The new company, Talen Energy, proposed two divestiture options in a filing with the Federal Energy Regulatory Commission July 15 (EC14-112). One involves six Riverstone plants and one PPL plant in New Jersey and Pennsylvania — all combined-cycle plants — for a total of 1,315 MW. The second involves the same six Riverstone plants, plus a 399-MW coal-fired plant in Maryland and two PPL hydro plants in Pennsylvania for a total of 1,346 MW.
In an affidavit supporting the spinoff, Julie Solomon, a market power expert for Navigant Consulting, said that no company with more than 10% of PJM’s summer installed capacity would be permitted to bid for the plants. That would leave out Public Service Enterprise Group, Exelon and NRG Energy.
With almost 14,000 MW of generation, the new company will rank fifth nationally in competitive generation (behind NRG, Exelon, Calpine and Next Era) and third among independent power producers. (See PPL-Riverstone Spin-Off Shuffles GenCo Rankings.)
“What we are laying out in the filing are some potential options if FERC deems there would be market power concerns,” PPL spokesman Ryan Hill said. “They are simply proposals at this time. If FERC would deem that we would have to sell some power plants, we proposed entering in a contract or contracts to do that within one year of approval.”

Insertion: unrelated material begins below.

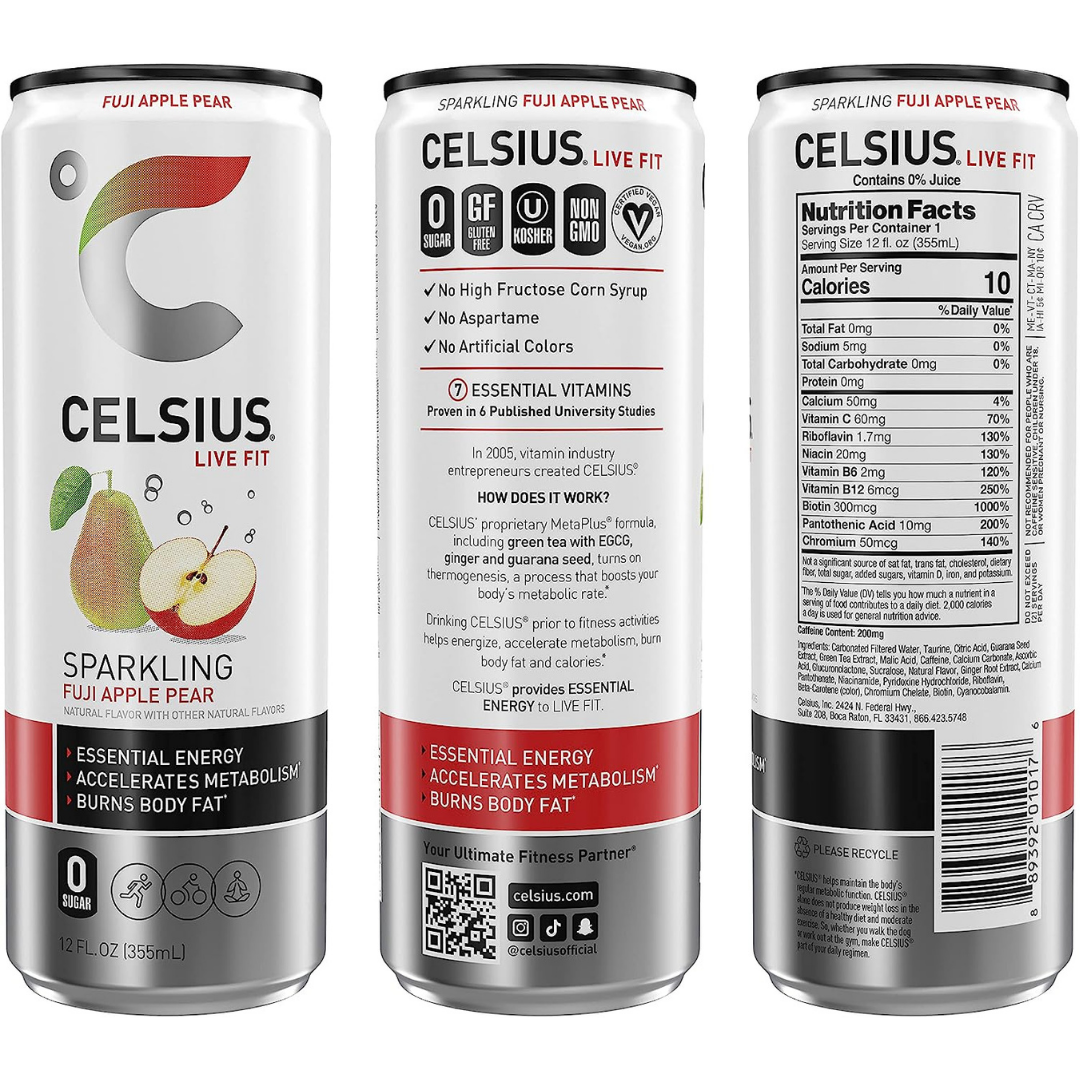 CELSIUS - Sparkling Drink Fuji Apple Pear 355ml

Under Talen’s plan, all of the generation assets listed in both options — a total of nearly 2,000 MW — would be put into a blind trust after the PPL-Riverstone transaction is completed. The assets would be operated by an unaffiliated third party, or “Independent Energy Manager,” which would bid all energy and ancillary services of the units until the divestiture is complete. The IEM would be paid a management fee with performance incentives.
“Because neither Talen Energy nor its affiliates will have any control over the generation in the hands of the IEM, any ability or incentive to exercise market power with respect to these units will be eliminated,” Solomon wrote. “I assume that all the plants in either Option 1 or Option 2 will be divested to a single new entrant, although under the Applicants’ proposal, multiple buyers could purchase the plants, as long as all of the plants in the option selected are sold.
“The interim mitigation is further enhanced by the presence of Commission-approved market monitoring and mitigation in PJM, and ongoing oversight by the PJM Independent Market Monitor.”
Hill said PPL still believes all regulatory approvals will be obtained within a year.